What to work on: The expected answer is the set of lines in the data below between the line holding "MS license plate NWS506" and the line holding "Smart Weight Scale,Bathroom", inclusive, written out exactly.

Data excerpts
....

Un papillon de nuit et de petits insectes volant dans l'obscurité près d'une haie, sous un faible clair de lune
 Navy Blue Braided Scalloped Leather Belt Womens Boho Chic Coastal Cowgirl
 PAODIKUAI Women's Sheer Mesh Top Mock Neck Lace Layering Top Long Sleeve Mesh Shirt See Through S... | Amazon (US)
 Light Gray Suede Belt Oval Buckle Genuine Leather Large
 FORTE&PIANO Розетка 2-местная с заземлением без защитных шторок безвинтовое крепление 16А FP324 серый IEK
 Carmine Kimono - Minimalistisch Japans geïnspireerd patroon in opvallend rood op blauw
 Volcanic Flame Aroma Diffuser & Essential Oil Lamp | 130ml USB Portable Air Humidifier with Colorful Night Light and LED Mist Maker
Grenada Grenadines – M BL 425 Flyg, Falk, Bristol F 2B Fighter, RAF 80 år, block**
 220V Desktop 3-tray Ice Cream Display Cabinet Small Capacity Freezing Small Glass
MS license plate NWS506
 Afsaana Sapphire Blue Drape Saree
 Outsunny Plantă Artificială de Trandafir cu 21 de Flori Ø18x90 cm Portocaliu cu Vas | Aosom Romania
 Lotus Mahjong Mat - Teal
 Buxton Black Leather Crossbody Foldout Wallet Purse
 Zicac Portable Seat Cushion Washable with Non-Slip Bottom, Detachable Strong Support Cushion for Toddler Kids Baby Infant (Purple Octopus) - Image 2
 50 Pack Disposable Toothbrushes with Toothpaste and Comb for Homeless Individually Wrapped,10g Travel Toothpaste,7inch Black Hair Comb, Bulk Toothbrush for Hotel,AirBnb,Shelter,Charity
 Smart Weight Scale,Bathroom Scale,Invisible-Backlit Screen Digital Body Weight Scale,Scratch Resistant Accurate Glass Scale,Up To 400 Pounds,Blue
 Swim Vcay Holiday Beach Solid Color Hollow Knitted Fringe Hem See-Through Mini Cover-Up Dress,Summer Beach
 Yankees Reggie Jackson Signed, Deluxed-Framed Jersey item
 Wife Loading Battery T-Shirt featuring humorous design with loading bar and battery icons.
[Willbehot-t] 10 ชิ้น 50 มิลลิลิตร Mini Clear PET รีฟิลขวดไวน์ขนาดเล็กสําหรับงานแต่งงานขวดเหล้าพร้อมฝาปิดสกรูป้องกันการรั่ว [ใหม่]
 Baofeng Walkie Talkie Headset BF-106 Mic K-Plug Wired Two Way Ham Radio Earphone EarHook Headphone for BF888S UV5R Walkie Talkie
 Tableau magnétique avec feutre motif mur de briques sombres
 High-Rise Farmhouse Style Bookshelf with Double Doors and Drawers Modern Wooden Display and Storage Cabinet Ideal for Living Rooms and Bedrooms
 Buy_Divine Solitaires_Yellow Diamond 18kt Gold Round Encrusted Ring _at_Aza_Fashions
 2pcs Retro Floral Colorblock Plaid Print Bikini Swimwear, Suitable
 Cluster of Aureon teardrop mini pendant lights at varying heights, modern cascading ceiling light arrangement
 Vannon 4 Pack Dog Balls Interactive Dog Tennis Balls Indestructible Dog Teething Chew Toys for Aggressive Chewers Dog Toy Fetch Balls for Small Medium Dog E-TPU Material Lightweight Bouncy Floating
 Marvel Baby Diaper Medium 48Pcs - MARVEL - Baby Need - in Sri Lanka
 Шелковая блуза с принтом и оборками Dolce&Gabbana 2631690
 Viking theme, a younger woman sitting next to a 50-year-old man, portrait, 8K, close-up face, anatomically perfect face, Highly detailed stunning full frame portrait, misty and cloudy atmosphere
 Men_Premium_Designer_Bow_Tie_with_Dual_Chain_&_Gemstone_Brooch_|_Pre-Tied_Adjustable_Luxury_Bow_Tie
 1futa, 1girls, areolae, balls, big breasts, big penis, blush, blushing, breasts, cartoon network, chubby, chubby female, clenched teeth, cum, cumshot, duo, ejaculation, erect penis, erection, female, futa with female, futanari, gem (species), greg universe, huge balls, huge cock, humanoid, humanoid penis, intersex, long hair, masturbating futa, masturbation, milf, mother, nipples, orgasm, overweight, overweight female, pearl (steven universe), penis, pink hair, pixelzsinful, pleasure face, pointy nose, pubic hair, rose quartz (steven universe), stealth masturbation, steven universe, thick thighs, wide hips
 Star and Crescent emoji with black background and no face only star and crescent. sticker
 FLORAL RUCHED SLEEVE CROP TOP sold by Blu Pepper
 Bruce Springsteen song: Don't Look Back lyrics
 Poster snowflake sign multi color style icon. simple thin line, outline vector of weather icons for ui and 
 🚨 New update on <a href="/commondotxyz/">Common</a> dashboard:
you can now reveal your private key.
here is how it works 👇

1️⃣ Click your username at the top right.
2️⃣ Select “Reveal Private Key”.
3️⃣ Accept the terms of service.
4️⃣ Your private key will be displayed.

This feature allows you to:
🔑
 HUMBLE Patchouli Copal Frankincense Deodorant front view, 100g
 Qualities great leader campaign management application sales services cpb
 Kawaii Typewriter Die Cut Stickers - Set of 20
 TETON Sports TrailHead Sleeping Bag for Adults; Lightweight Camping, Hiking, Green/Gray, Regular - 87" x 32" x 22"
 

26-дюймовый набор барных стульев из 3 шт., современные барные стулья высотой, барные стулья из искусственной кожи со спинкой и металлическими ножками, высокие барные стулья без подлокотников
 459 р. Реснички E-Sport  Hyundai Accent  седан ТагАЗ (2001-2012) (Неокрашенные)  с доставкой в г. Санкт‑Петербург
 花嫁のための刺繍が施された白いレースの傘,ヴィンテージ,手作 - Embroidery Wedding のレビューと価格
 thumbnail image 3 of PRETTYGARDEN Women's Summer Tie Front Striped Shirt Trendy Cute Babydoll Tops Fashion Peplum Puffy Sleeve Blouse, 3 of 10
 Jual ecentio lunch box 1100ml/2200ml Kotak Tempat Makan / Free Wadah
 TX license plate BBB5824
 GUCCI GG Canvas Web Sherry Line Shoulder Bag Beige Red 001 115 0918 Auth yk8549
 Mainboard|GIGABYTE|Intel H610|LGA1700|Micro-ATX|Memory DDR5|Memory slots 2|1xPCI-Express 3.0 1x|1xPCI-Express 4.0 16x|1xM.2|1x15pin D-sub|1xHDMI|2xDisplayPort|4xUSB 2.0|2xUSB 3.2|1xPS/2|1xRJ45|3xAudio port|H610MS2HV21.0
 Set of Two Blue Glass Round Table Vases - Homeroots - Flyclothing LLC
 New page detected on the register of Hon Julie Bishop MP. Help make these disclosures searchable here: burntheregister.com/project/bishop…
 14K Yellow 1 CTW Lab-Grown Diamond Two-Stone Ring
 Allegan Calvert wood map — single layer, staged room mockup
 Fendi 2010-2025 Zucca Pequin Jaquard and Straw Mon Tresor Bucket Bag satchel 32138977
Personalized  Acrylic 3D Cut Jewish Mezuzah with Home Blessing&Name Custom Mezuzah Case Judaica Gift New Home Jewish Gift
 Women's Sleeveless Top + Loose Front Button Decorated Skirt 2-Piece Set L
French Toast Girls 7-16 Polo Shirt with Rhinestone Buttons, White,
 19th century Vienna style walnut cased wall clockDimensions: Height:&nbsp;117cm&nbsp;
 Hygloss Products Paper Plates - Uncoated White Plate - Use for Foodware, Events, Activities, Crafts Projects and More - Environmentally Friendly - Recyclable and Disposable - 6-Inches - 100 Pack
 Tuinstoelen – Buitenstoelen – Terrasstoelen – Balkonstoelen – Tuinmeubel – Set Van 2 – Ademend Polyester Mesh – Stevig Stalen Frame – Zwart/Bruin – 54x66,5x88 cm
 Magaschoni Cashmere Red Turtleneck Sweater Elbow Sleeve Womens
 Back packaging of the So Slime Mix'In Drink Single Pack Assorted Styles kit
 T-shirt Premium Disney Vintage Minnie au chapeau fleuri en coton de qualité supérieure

....

Task response:
MS license plate NWS506
 Afsaana Sapphire Blue Drape Saree
 Outsunny Plantă Artificială de Trandafir cu 21 de Flori Ø18x90 cm Portocaliu cu Vas | Aosom Romania
 Lotus Mahjong Mat - Teal
 Buxton Black Leather Crossbody Foldout Wallet Purse
 Zicac Portable Seat Cushion Washable with Non-Slip Bottom, Detachable Strong Support Cushion for Toddler Kids Baby Infant (Purple Octopus) - Image 2
 50 Pack Disposable Toothbrushes with Toothpaste and Comb for Homeless Individually Wrapped,10g Travel Toothpaste,7inch Black Hair Comb, Bulk Toothbrush for Hotel,AirBnb,Shelter,Charity
 Smart Weight Scale,Bathroom Scale,Invisible-Backlit Screen Digital Body Weight Scale,Scratch Resistant Accurate Glass Scale,Up To 400 Pounds,Blue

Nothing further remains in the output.